Zusammenfassend kann die FIA auf ein erfolgreiches Jahr mit tollen Entwicklungen, spannenden Ereignissen und dem ein oder anderen Learning für das nächste Jahr zurückblicken.

Die FIA Frankfurt International Alliance wünscht allen Partnern, deren Familien, allen Freunden und Unterstützern eine schöne Weihnachtszeit und einen guten Start ins Jahr 2017!

FIA, Main Kind und MyZeil verpacken Geschenke

„FIA läuft und hilft“ – das war das Motto eines Spendenlaufs, den FIA Frankfurt International Alliance eG (FIA) im Rahmen des Frankfurt Marathons organsierte. Daran angelehnt ist, das aktuelle Motto: „FIA läuft und hilft beim Geschenke verpacken“.

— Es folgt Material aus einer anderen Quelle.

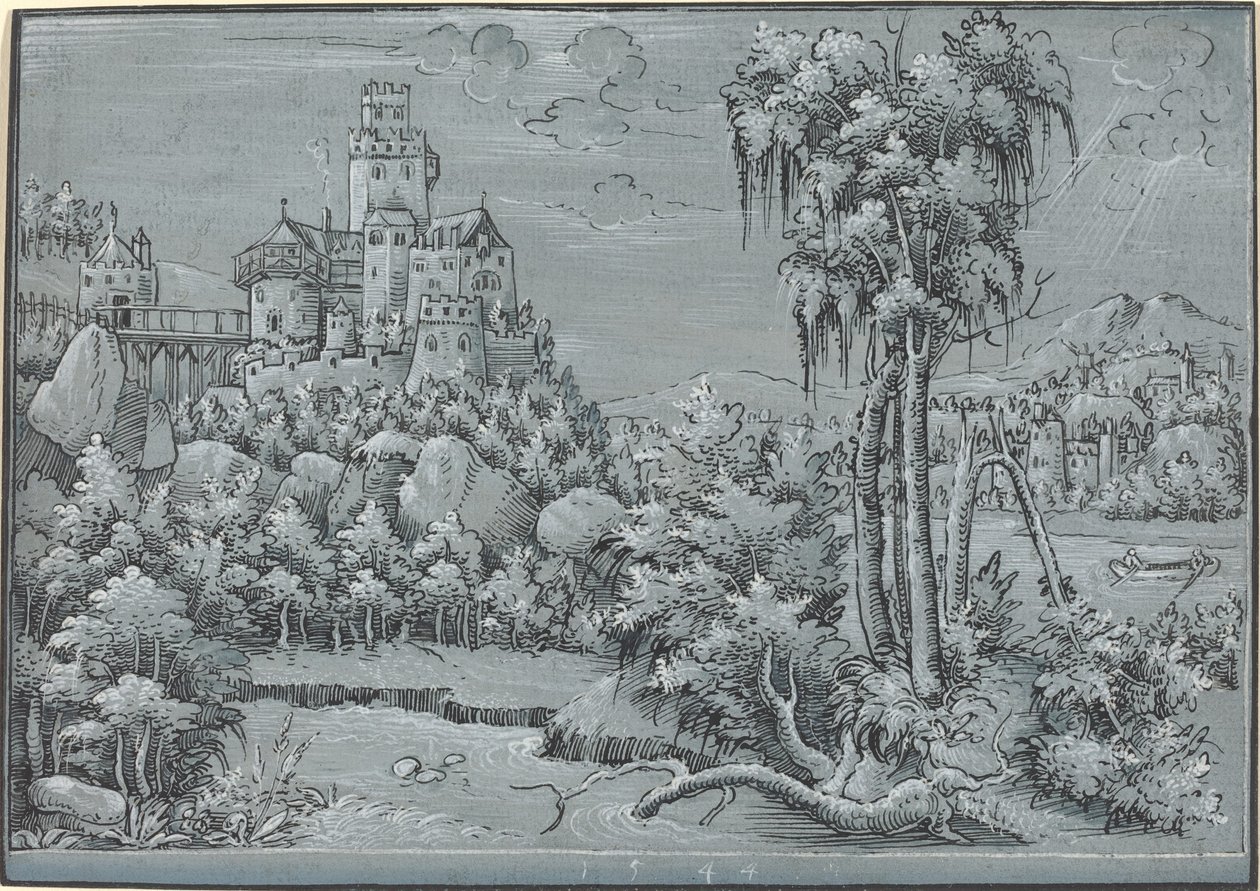 Landschaft mit einem Schloss von German 16th Century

Am Samstag, den 10.12.2016, 11:00 – 15:00 Uhr haben die FIA Vorstandsmitglieder Stefan Söhngen und Alexander Bode mit dem FIA-Aufsichtsratsvorsitzenden Dr. Uwe Böning, weiteren FIA-Partnern und einigen namhaften Frankfurterinnen und Frankfurtern (darunter Oberbürgermeister Peter Feldmann, Stadtverordnetenvorsteher Stephan Siegler, Sabrina Setlur, Wilhelm Bender, fast alle Vorsitzenden der Römer-Parteien mit Fraktionsstatus) zu Gunsten der Main Kind e.V. in MyZeil Geschenke verpacken. Initiiert wurde die Aktion mit der Unterstützung von Marcus Schwartz, Center-Manager MyZeil, sowie Sandra Schellhase-Bender, Vorstand des Vereins Main Kind e.V.

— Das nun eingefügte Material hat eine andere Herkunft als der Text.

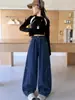 Jeans de Sarja Novo Estilo Outono para Meninas de Tamanho Médio a Grande Roupas Infantis Meninas Jeans Scimitar Estiloso Versátil Fashion Tendência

„Als FIA Frankfurt International Alliance und als engagierte Unternehmer und Unternehmerinnen in Frankfurt Rhein-Main sind wir stolz, einen Verein, der so großartige Unterstützung für die Kinder der Stadt Frankfurt leistet, mit unserer Stimme, unseren Aktionen und unseren gesammelten Spenden zu helfen. Es darf einfach nicht so sein, dass es in der prosperierenden Main-Metropole Kinder gibt, die unter der Armutsgrenze leben!“, so der Vorsitzende der FIA, Dr. Stefan Söhngen.

Um 11:00 Uhr ging es am Samstag los: Passanten konnten sich auf die Weihnachtszeit einstimmen und dem ganzen Weihnachtsstress entgehen und toll verpackte Geschenke mit nach Hause nehmen. Neben einem schön verpackten Geschenk, hat sich  auch die Gelegenheit geboten, dass ein oder andere interessanten Gespräch mit politischen und wirtschaftlichen Entscheidungsträgern der Stadt Frankfurt zu führen! Der Oberbürgermeister Frankfurts, Peter Feldmann hat, höchstpersönlich geholfen, Geschenke zu verpacken, bevor er dann die gesammelten Gelder, gemeinsam mit den Vertretern der FIA dem Vorstand von Main Kind e.V. überreicht hat

Die Aktion wurde weiterhin unterstützt von Karl Gerlach, Mitbegründer und Gesellschafter der ORKA Investment GmbH und MyZeil Center Manager Marcus Schwartz, die sich jeweils mit 1.000€ an der Aktion beteiligten. Auch der Landesgeschäftsführer des ASB Hessen und der Schulleiter der vom ASB getragenen ERASMUS Frankfurter Stadtschule, Holger Beckmann, unterstützte das Projekt tatkräftig. Zusätzliche beteiligt sich der ASB mit einer Spende in Höhe von 2500,-€.

FIA Frankfurt International Alliance wünscht schon jetzt all Ihren Partnern, Freunden und allen Familien in Frankfurt eine schöne und besinnliche Weihnachtszeit!